Problem statement -
Would you retype the listing word for word, skipping its pictures?

Information shown -
=====
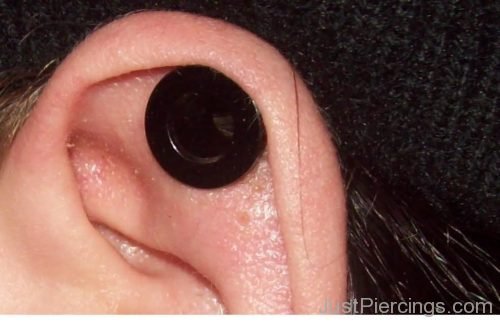 Black Cartilage Piercings On Left Ear-JP108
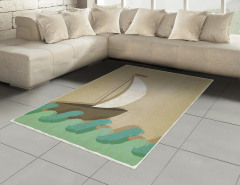 Dalgalar ve Yelkenli Çizimli Halı (Kilim) Kahverengi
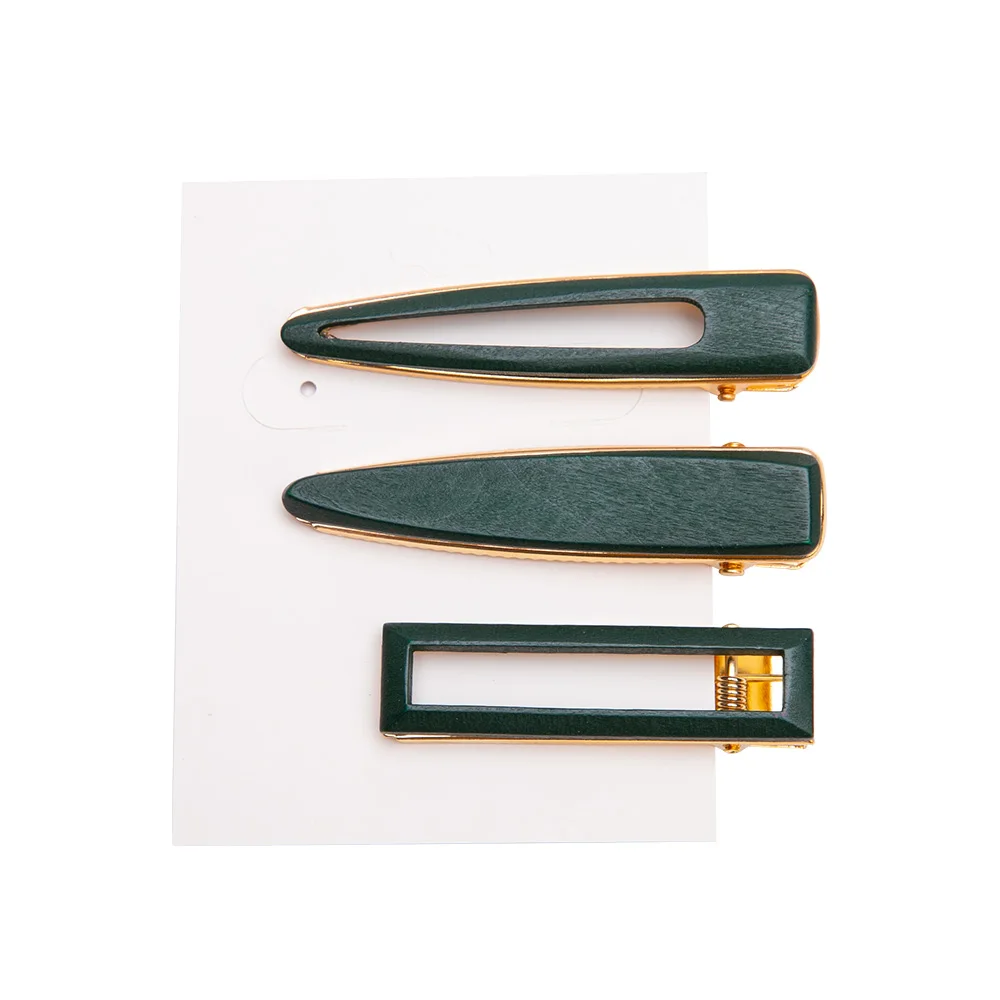 green 3pcs 2/3 шт, трендовые яркие Твердые Полые геометрические заколки для волос для женщин, деревянные заколки для волос, ручная работа, заколка для волос, для девушек - Цвет: green 3pcs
=====
The answer -
 Black Cartilage Piercings On Left Ear-JP108
 Dalgalar ve Yelkenli Çizimli Halı (Kilim) Kahverengi
 green 3pcs 2/3 шт, трендовые яркие Твердые Полые геометрические заколки для волос для женщин, деревянные заколки для волос, ручная работа, заколка для волос, для девушек - Цвет: green 3pcs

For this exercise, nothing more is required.